Charles Ellicott Commentary


Charles Ellicott Commentary
"Thou shalt not bow down thyself unto them, nor serve them, for I Jehovah thy God am a jealous God, visiting the iniquity of the fathers upon the children, upon the third and upon the fourth generation of them that hate me," — Exodus 20:5 (ASV)
Nor serve them. —The idolatry of the ancient world was, practically, not a mere worship of celestial beings through material representations of them, but an actual veneration of the images themselves, which were regarded as possessing miraculous powers. “I myself,” says Arnobius, “not so very long ago, worshipped gods just taken from the furnace, fresh from the anvil of the smith, ivory, paintings, stumps of trees wrapped in bandages; and if I happened to cast my eyes on a polished stone smeared with olive oil, I paid reverence to it, as if a power were present in it, and I supplicated the senseless block for blessings” (Adversus Gentes, i. 29).

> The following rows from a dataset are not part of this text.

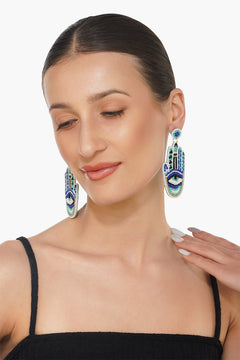 Handcrafted Hamsa Hand Beaded Earrings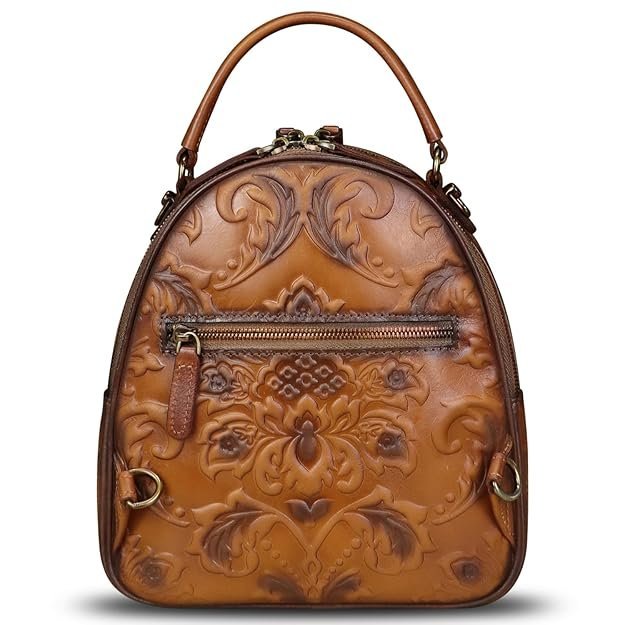Genuine Leather Purses and Handbags for Women Shoulder Bag Embossed Leather Backpack Purse Crossbody Satchel with Strap - Image 5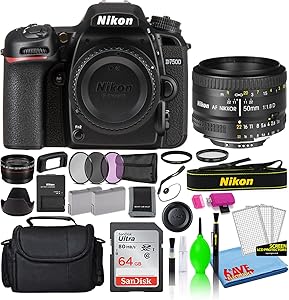 Nikon D7500 50mm Lens DSLR Camera Deluxe Bundle (Renewed)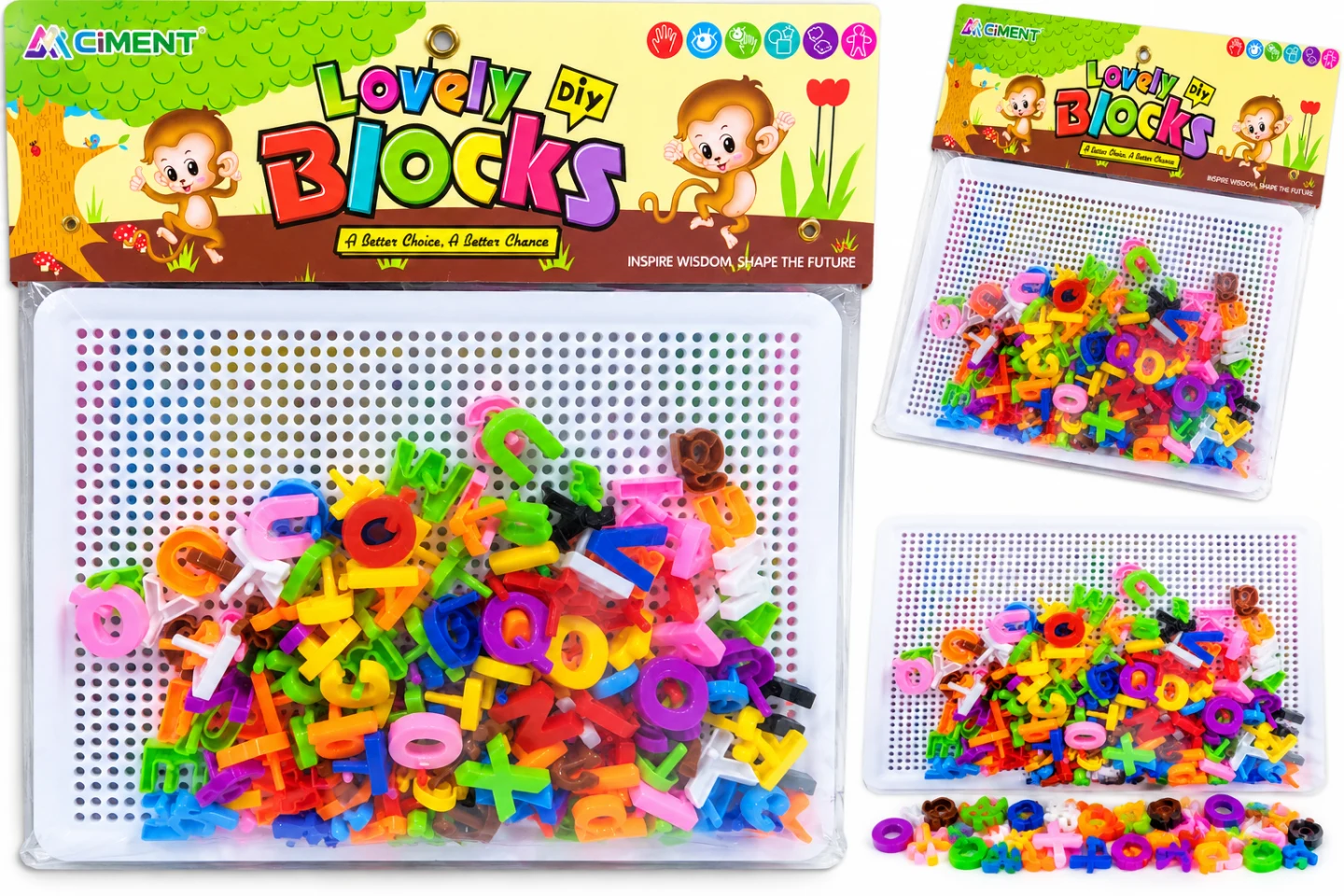 QIMENT Lovely Blocks DIY Educational Alphabet & Number Pegboard Set for Kids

“People pray,” says Seneca, “to the images of the gods, implore them on bended knees, sit or stand long days before them, throw them money, and sacrifice animals to them, so treating them with deep respect” (Apud Lactantium, ii. 2).
A jealous God. —Not in the sense in which He was regarded as “jealous” by some of the Greeks, who supposed that success or eminence of any kind provoked Him (Herodotus iii. 40, 125), but jealous of His own honour, one who will not see His glory given to another (Isaiah 42:8; Isaiah 48:11), or allow rivals to dispute His sole and absolute sovereignty. (Deuteronomy 4:24; Deuteronomy 5:9; Deuteronomy 6:15; Joshua 24:19.)
Visiting the iniquity of the fathers upon the children. —It is a fact that, under God’s natural government of the world, the iniquity of fathers is visited upon their children. Diseases caused by immoral practices are transmitted. The parents’ extravagance leaves their children beggars. To be the son of a felon is to be heavily handicapped in the race of life.
That this should be so is perhaps involved in “the nature of things”—at any rate, it is part of the scheme of Divine government by which the world is ordered. We all inherit countless disadvantages on account of our first parents’ sin. We each individually inherit special tendencies to this or that form of evil from the misconduct of our several progenitors.
The knowledge that their sins will put their children at a disadvantage is calculated to check people in their evil ways more than almost anything else; and this check could not be removed without a significant reduction of the restraints which restrain people from vice. Still, the penalty upon the children is not final or irreversible. Under whatever disadvantages they are born, they may struggle against them, lead good lives, and place themselves, even in this world, on a level with those who were born under every favourable circumstance.
It is needless to say that, regarding the next world, their parents’ iniquities will not be visited on them. Each man will bear his own burthen. The soul that sinneth, it shall die. The son shall not bear the iniquity of the father, neither shall the father bear the iniquity of the son; the righteousness of the righteous shall be upon him, and the wickedness of the wicked shall be upon him (Ezekiel 18:20).